Jane was pacing the shabby lobby with the camera hanging from her shoulder like a school bag – the camera and all it represented a burden now; it had come to this. Time to talk seriously to Nat – soon as she got back.
When the porch door slammed, it wasn’t Nat but Matthew, the Harry Potter clone, carrying a laptop in a leather case. Just for the sake of it, Jane brought up the Sony 150 and shot him by the side of the Christmas tree in front of the reception desk.
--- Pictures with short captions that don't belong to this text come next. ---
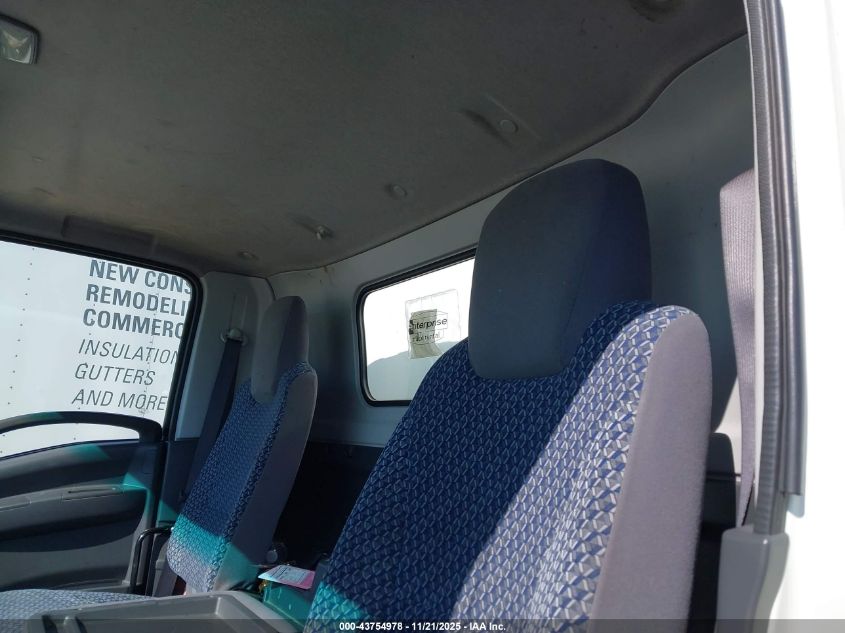 2023 Isuzu Npr Xd VIN: JALC4W164P7K03528 Lot: 43754978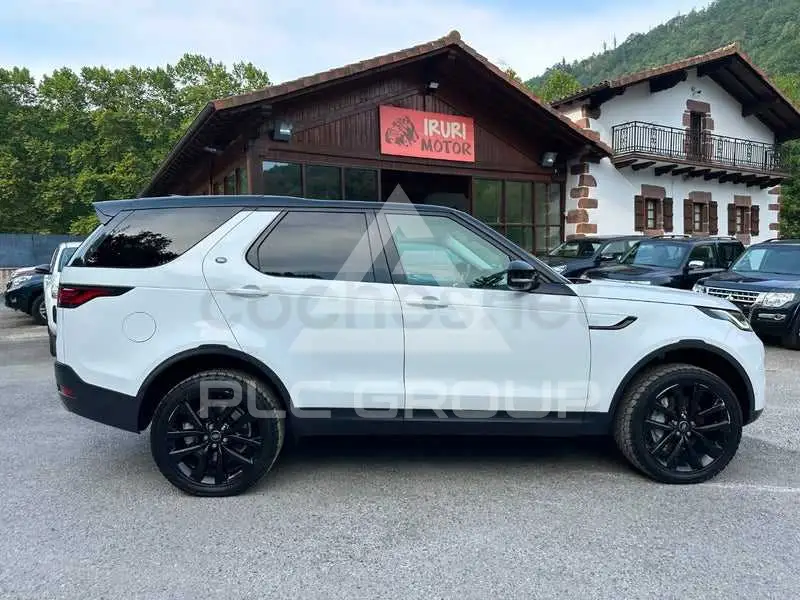 2021 Land Rover Discovery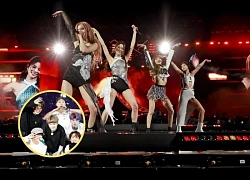 BLACKPINK 'cướp' lại vị thế từ BTS, fan tại Wembley chứng kiến 1 điều sốc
Matthew half turned and stuck his tongue out. Behind him, the white lights on the tree were unevenly spread, and it looked spindly and skeletal, like a frosted pylon. Ben had brought the tree in himself last weekend, probably nicked it out of the forestry. Jane didn’t approve of young trees hacked off above the roots and brought indoors to die slowly, so that by Twelfth Night – Happy New Year – you had a stiffened corpse. She lowered the camera, nodding at the laptop.
‘You get e-mails from the Other Side on that?’
Matthew inspected her through his black-framed glasses. ‘I realize you’re much too cool to be mixed up with spiritists and channellers, and I suppose I was much the same at your age.’
‘What changed?’ To Jane, adulthood seemed an arid place tonight.
‘You don’t want to know. Stick to your filming.’
‘No, I do,’ Jane said.
Matthew stared into her eyes, and she stared back and realized he could be as old as Mum. Glasses with big frames sometimes made people look a lot younger, like with beards and double chins.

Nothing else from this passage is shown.